Des leaders tamasheq revendiquent leur place à la mangeoire

27 février 2014

Mali

A l’occasion de la présentation de leur « Plateforme pour la paix », des leaders tamasheqs ont tenu en avril dernier une conférence de presse à la Maison de la presse de Bamako : Selon Moussa Mara, initiateur de cette « plateforme », par ailleurs président d’un parti politique « Yèlèna » et probable candidat à la prochaine présidentielle, le but de cette plateforme est d’aider au « retour de la paix et de la stabilité » et d’affirmer l’« attachement de la communauté Kel Tamasheq à la République, à la laïcité, à la démocratie… ».

Au cours de la présentation de cette « plateforme », Ahmed Mohamed Ag Hamani, ancien Premier ministre d’Amadou Toumani Touré, ancien ambassadeur à Bruxelles sous Alpha Konaré et plusieurs fois ministre au temps de Moussa Traoré, a notamment déclaré : « Je n’ai jamais été consulté par l’autorité pour le problème du nord depuis 1992. Pis, on me reproche d’avoir même financé les rebelles depuis l’extérieur. Or j’ai été l’une des premières victimes de la rébellion. Pourtant je suis bien placé pour être consulté».

Quant à Mohamed Ag Erlaf, ancien ministre de l’Environnement, il a affirmé que tous les Touaregs ne sont pas des rebelles avant d’ajouter : « A cause de la couleur de la peau de mes enfants, on les appelle des rebelles à l’école». Cela ressemble fort à un appel du pied en direction des dirigeants actuels.

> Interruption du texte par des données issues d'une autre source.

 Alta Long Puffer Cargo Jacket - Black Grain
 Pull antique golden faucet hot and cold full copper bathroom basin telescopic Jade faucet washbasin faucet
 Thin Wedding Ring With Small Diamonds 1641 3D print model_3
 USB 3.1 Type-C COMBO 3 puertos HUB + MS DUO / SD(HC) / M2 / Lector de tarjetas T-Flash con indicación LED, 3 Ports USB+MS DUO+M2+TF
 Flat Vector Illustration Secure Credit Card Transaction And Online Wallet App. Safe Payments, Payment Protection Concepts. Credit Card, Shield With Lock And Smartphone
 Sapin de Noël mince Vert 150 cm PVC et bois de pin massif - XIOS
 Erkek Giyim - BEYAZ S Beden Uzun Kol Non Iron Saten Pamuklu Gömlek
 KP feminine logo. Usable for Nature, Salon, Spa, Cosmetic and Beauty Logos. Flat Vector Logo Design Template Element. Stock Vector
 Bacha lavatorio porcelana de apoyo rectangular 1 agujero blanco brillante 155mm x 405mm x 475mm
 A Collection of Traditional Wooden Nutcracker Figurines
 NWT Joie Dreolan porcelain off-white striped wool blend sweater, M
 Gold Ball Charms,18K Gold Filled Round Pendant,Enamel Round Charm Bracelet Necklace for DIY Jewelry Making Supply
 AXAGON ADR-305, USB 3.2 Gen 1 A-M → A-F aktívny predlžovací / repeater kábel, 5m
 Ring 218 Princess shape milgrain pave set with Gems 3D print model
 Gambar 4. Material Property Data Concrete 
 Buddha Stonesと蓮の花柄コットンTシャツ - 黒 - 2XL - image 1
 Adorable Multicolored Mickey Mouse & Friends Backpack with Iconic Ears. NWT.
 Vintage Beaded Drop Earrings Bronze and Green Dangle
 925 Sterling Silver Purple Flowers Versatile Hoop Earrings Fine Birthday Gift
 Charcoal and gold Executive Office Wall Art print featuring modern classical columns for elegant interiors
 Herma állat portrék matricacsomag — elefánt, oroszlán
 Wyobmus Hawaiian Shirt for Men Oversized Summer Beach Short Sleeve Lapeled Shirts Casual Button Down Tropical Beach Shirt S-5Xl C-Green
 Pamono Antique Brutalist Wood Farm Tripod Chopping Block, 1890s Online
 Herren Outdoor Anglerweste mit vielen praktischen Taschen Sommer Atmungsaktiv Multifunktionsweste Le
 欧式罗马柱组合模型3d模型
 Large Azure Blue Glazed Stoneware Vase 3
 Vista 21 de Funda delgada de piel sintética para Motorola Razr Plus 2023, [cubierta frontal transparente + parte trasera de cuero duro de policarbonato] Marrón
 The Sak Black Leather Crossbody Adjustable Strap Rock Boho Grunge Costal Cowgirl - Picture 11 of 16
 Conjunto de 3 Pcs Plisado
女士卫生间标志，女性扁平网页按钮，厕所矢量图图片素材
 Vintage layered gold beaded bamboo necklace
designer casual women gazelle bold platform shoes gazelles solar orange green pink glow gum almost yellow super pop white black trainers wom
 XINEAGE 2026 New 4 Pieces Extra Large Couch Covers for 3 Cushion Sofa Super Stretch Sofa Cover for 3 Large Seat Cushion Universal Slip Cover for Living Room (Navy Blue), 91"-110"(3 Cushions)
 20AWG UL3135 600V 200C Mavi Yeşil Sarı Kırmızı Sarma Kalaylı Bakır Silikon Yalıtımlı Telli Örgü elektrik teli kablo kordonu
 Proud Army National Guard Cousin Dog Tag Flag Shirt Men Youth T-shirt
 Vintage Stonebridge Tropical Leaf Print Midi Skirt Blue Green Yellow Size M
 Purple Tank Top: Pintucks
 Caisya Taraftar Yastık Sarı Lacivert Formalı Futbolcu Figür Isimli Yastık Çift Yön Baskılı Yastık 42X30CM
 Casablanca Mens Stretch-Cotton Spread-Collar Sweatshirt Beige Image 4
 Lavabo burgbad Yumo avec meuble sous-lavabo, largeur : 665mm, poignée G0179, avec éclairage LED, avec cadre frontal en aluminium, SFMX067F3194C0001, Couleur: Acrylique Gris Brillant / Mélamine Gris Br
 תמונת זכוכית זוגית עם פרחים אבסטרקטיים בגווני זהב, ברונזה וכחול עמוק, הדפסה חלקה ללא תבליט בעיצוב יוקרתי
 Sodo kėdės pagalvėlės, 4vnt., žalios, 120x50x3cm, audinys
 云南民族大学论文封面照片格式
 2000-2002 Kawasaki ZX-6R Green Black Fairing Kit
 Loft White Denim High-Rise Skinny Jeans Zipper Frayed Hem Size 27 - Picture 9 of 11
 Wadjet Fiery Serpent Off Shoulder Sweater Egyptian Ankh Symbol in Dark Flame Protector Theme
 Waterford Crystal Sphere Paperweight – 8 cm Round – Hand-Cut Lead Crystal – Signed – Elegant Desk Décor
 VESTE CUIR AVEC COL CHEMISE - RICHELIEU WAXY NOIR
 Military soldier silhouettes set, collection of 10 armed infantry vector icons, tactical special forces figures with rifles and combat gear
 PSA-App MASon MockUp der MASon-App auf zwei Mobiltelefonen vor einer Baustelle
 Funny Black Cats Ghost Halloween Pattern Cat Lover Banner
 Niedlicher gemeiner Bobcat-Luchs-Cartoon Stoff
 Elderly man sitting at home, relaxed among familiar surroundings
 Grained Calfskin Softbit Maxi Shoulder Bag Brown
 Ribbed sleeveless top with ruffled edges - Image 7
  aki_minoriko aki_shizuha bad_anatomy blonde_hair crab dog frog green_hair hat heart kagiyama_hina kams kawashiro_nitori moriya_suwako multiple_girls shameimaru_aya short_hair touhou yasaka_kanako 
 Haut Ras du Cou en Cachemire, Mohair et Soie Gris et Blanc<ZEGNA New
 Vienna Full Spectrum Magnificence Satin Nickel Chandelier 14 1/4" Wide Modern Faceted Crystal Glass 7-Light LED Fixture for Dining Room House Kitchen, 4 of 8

En effet, avec la guerre au Mali, les Touaregs ainsi que d’autres ethnies du nord qualifiées de « peau claire » ou assimilées comme telle, sont considérés comme des rebelles ou du moins des complices ou des collaborateurs. Ce que veulent les leaders de la « Plateforme », c’est que les autorités les rétablissent dans leurs droits. Ils revendiquent eux aussi, leur place à la mangeoire gouvernementale.

Aux dernières nouvelles, des représentants de cette « plateforme » ont été reçus le 7 mai dernier par Dioncounda Traoré qui leur a promis de les inviter à participer à un prochain « séminaire » sur la réconciliation au Mali. Dont acte.